Evaluating functions means finding the function's output when given a particular input. It involves substituting the variable in the function with the specified value. For example, with the function \( f(x) = x^{-0.71} \), we evaluate it at \( x = 3.8 \).
To do this, simply replace \( x \) with the value 3.8 in the expression, resulting in \( f(3.8) = 3.8^{-0.71} \). This substitution is crucial for determining the output of functions at specific points, providing practical insights into how the function behaves.
When evaluating functions, remember:

• Substitute the given number step by step into the function.
• Perform the mathematical operations as defined by the function.
• Ensure your calculations are accurate, possibly using a calculator for complex computations.

This method allows you to find the exact or approximate value of the function for that input to make informed conclusions.

Negative exponents in mathematical expressions indicate reciprocal action on the base number. For instance, \( 3.8^{-0.71} \) means we need to take the reciprocal of \( 3.8^{0.71} \).
Negative exponents can be understood using this simple principle:

• The expression \( x^{-a} \) is the same as \( \frac{1}{x^a} \)

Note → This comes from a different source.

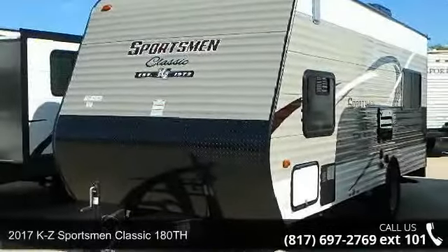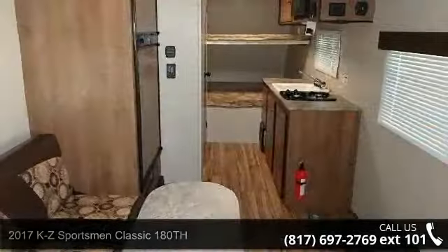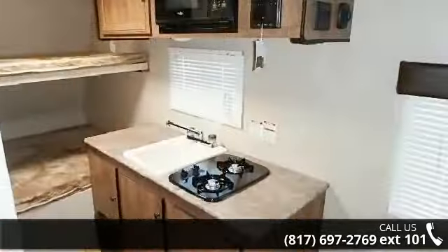Begin an adventure with this 2017 KZ Sportsman Classic 180th. Whether you are planning on vacationing, adventuring or just relaxing, this travel trailer does it all.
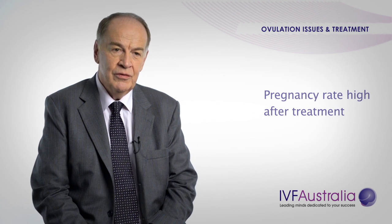Whatever the cause of ovulation problems, the good news is that the pregnancy rate is very high after treatment. I have been running an ovulation induction clinic for over 30 years and I've dealt with the vast majority of these problems. And the treatment is usually quite simple.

This changes the way we interpret and calculate expressions with negative exponents.
To handle such expressions, compute the positive exponent first, \( 3.8^{0.71} \) in our case, then find the reciprocal to resolve the negative exponent. Expressions with negative exponents can appear complex, but breaking them down makes them manageable.

Function approximation is a crucial part of evaluating expressions, especially when the results are not whole numbers. Generally, you strive to round the outcomes of your calculations to a specific place for simplicity and clarity.
In our example, the initial computation result was about \( 0.42006 \). Approximating this result to the nearest hundredth involves rounding the value to two decimal places, giving us \( 0.42 \).

• Always ensure that rounding follows standard mathematical rules—if the next digit is five or greater, round up.
• Approximations are vital in mathematics to simplify complex numbers and make them more practical for use in further calculations.

Although approximations might sacrifice some precision, they provide a reasonable and usable value, especially when exact calculations are impractical.